Dataset extract: Begin

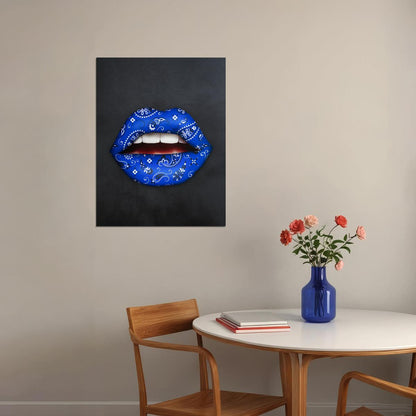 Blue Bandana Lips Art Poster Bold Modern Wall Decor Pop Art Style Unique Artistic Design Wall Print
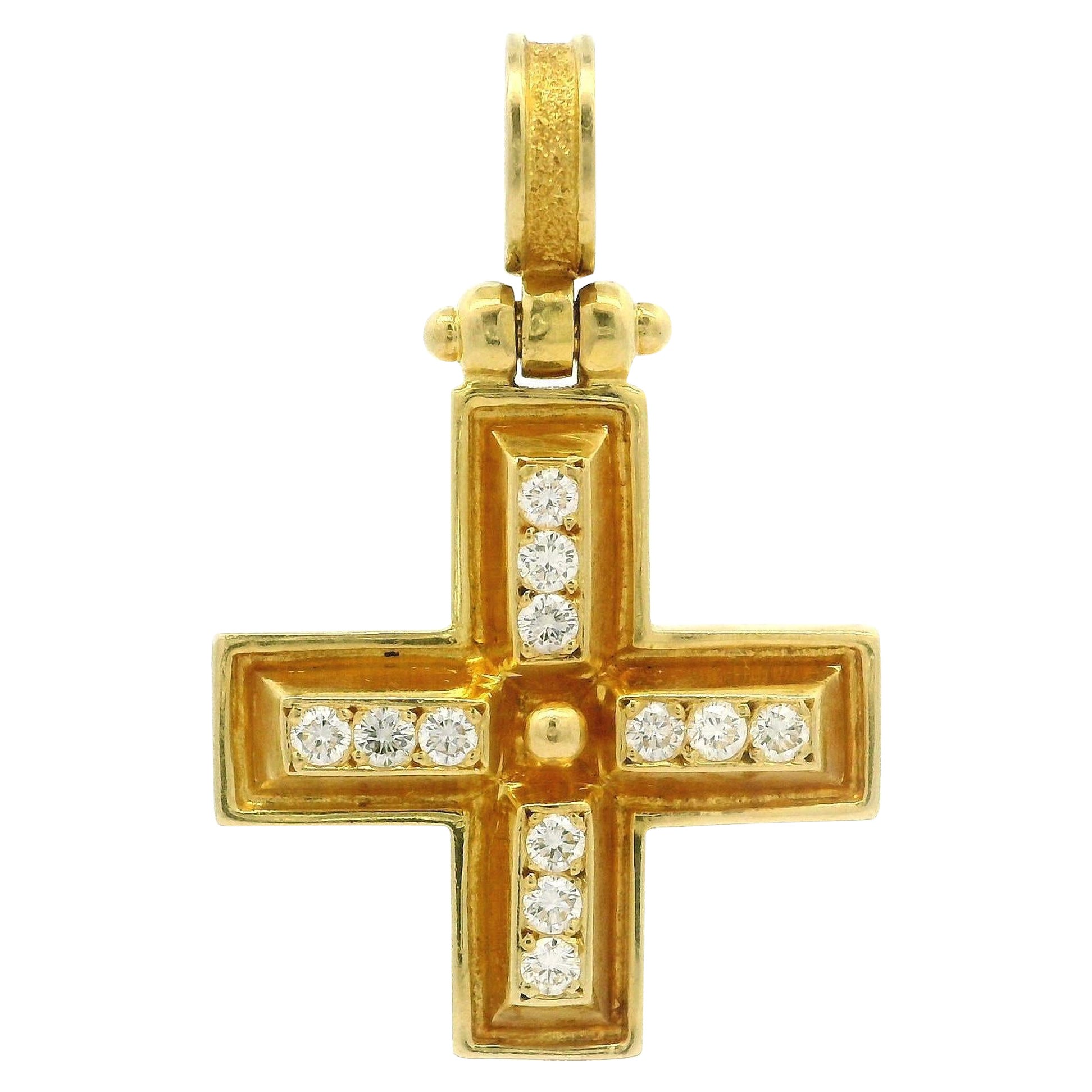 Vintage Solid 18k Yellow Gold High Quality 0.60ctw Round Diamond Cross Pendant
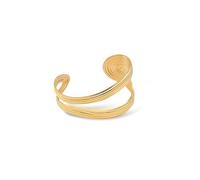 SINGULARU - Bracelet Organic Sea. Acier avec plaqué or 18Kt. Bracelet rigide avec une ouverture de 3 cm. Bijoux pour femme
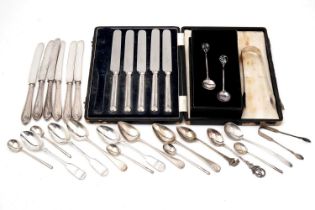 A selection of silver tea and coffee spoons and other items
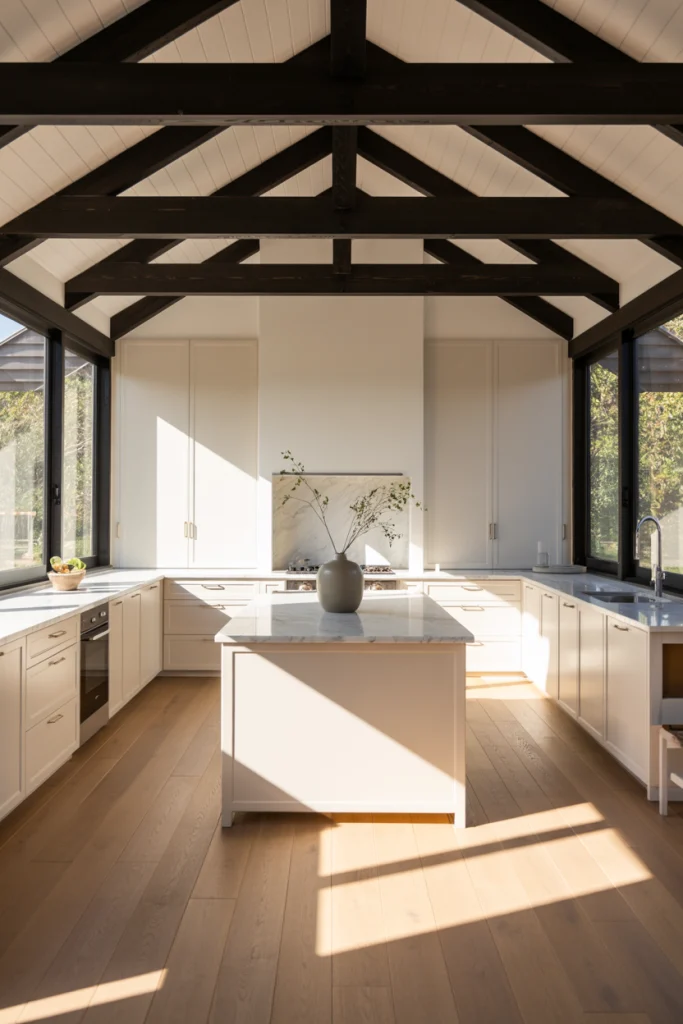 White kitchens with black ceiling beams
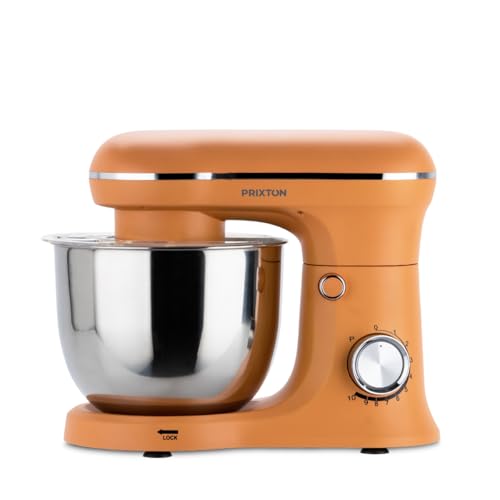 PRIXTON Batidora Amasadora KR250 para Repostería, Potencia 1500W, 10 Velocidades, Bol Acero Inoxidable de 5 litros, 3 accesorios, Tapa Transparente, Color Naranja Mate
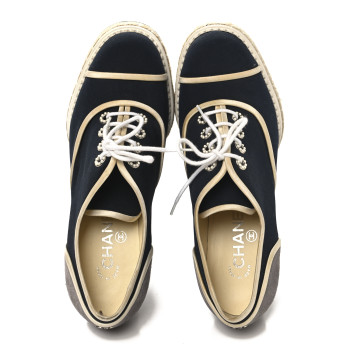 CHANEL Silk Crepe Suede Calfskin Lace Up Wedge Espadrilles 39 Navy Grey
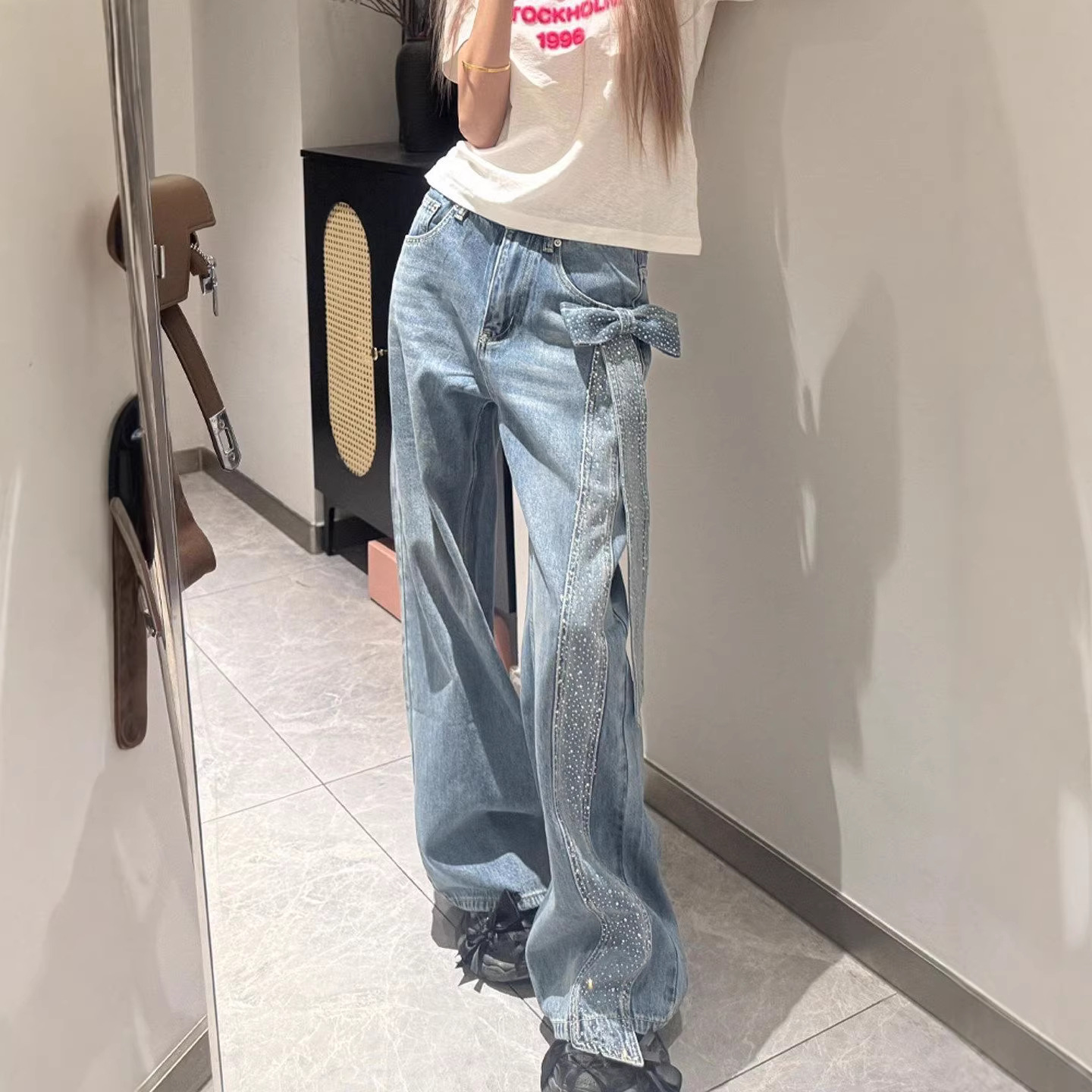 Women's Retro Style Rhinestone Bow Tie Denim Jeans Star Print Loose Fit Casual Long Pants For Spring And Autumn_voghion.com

Dataset extract: End
Dataset extract: Begin

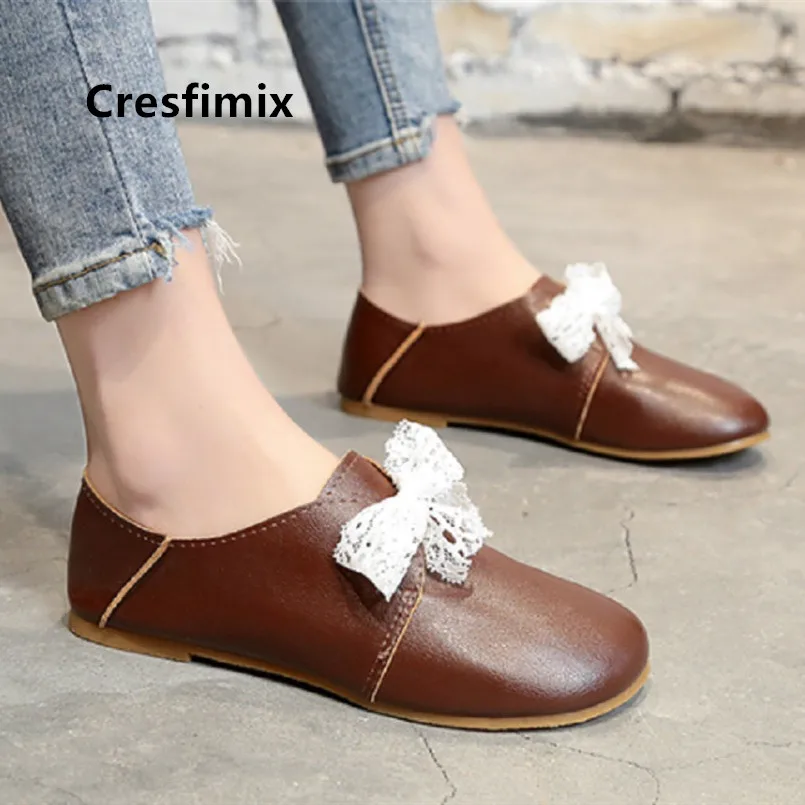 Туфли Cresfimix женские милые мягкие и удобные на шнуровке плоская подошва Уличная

Dataset extract: End
Dataset extract: Begin

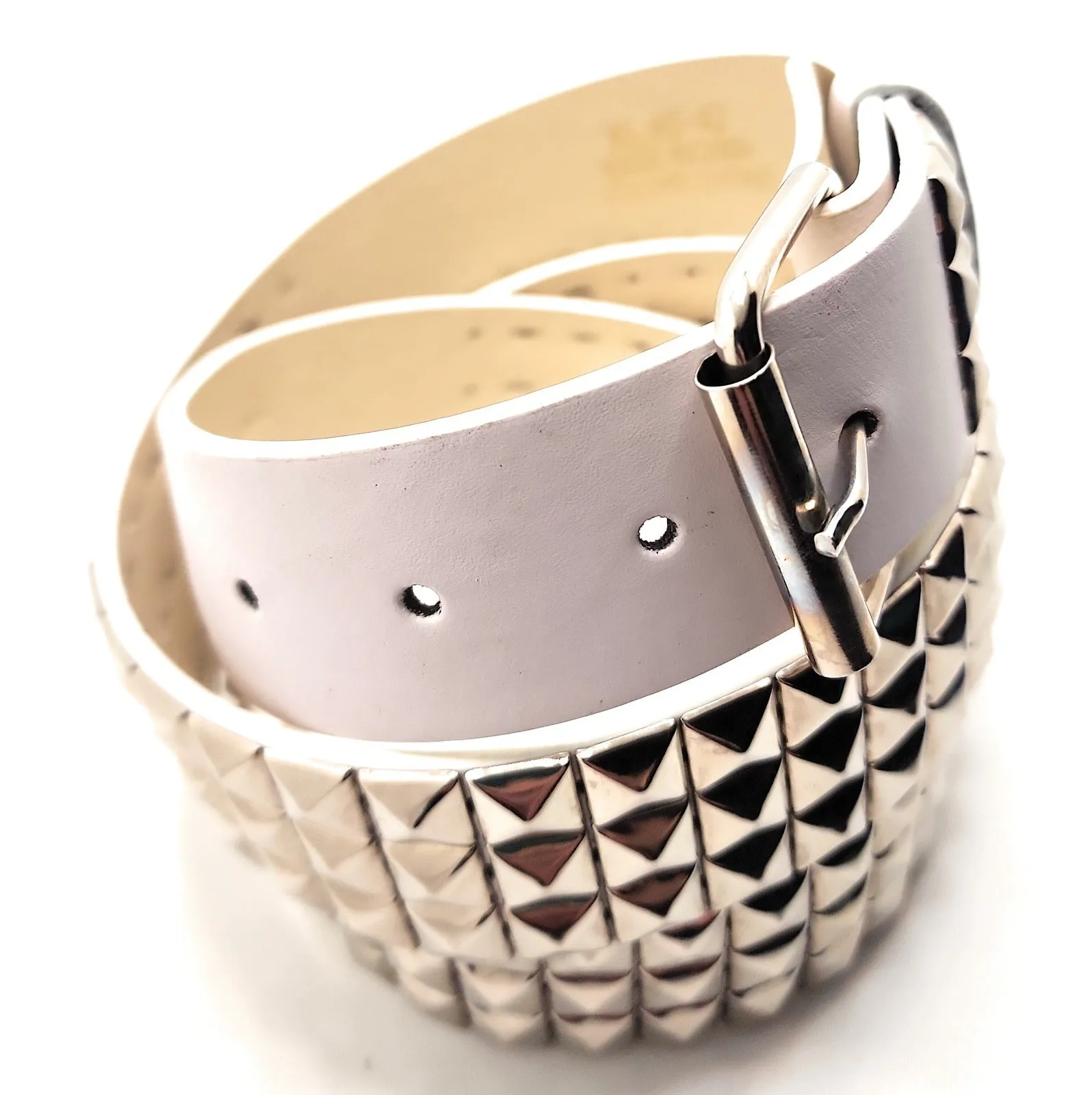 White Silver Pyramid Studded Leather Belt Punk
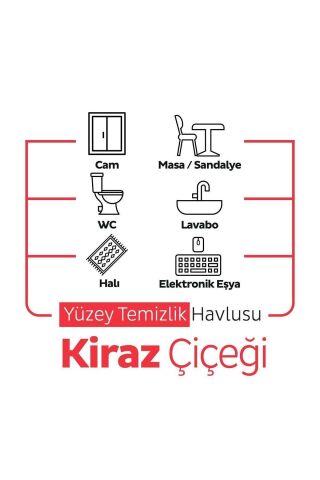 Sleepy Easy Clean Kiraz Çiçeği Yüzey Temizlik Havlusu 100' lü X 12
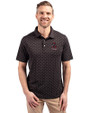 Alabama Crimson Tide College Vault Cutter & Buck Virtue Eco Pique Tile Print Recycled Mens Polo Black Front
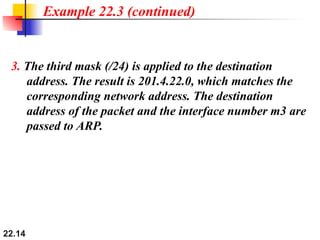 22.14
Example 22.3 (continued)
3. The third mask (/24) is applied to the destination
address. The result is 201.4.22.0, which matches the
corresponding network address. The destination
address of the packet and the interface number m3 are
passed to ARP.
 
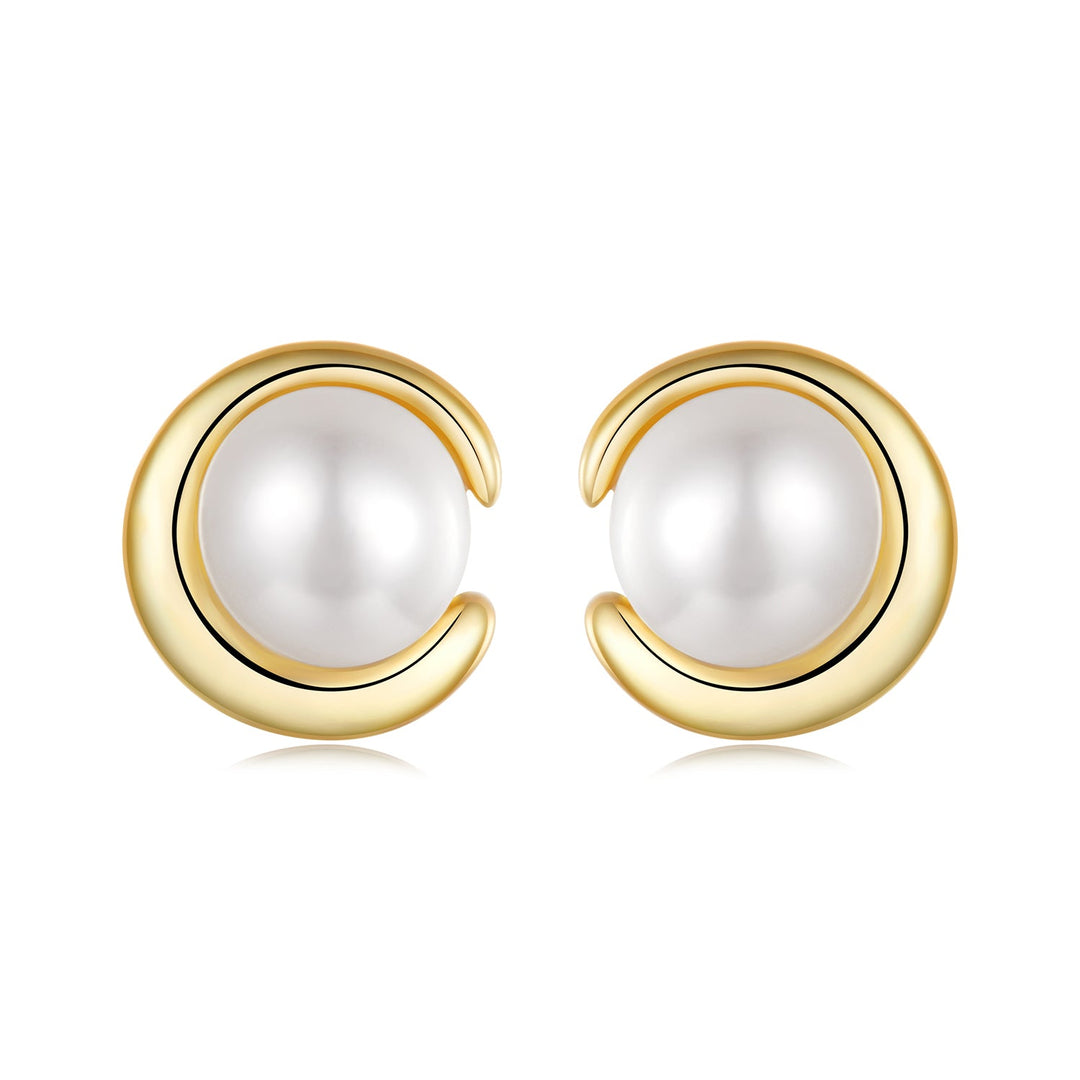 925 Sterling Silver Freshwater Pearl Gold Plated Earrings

Dataset extract: End

**Problem description**
Start at the line containing "PRIXTON Batidora Amasadora" above and stop at the line containing "Women's Retro Style". Output those lines exactly, both included, but none of the pictures.

**Exercise output**
 PRIXTON Batidora Amasadora KR250 para Repostería, Potencia 1500W, 10 Velocidades, Bol Acero Inoxidable de 5 litros, 3 accesorios, Tapa Transparente, Color Naranja Mate
 CHANEL Silk Crepe Suede Calfskin Lace Up Wedge Espadrilles 39 Navy Grey
 Women's Retro Style Rhinestone Bow Tie Denim Jeans Star Print Loose Fit Casual Long Pants For Spring And Autumn_voghion.com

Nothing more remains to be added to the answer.